---- Input records

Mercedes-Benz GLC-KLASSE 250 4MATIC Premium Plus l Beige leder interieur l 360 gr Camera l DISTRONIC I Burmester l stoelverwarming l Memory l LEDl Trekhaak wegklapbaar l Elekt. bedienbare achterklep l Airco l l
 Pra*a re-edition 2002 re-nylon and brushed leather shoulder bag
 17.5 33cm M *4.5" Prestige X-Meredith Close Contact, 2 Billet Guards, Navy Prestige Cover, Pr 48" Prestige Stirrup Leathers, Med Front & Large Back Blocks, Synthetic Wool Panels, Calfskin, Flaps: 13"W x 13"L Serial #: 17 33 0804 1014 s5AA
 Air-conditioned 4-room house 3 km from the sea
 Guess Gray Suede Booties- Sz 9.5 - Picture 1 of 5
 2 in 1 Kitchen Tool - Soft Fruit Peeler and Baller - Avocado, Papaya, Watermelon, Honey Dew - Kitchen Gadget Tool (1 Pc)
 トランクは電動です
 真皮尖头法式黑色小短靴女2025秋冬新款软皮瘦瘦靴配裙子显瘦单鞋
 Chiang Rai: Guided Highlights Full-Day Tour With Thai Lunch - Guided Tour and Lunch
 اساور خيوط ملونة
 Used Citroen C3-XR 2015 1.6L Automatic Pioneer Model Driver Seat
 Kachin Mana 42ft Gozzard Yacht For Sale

--------

Nothing should be returned except the lines from the first line of the data above through the line with "Guess Gray Suede", each one exact.

Mercedes-Benz GLC-KLASSE 250 4MATIC Premium Plus l Beige leder interieur l 360 gr Camera l DISTRONIC I Burmester l stoelverwarming l Memory l LEDl Trekhaak wegklapbaar l Elekt. bedienbare achterklep l Airco l l
 Pra*a re-edition 2002 re-nylon and brushed leather shoulder bag
 17.5 33cm M *4.5" Prestige X-Meredith Close Contact, 2 Billet Guards, Navy Prestige Cover, Pr 48" Prestige Stirrup Leathers, Med Front & Large Back Blocks, Synthetic Wool Panels, Calfskin, Flaps: 13"W x 13"L Serial #: 17 33 0804 1014 s5AA
 Air-conditioned 4-room house 3 km from the sea
 Guess Gray Suede Booties- Sz 9.5 - Picture 1 of 5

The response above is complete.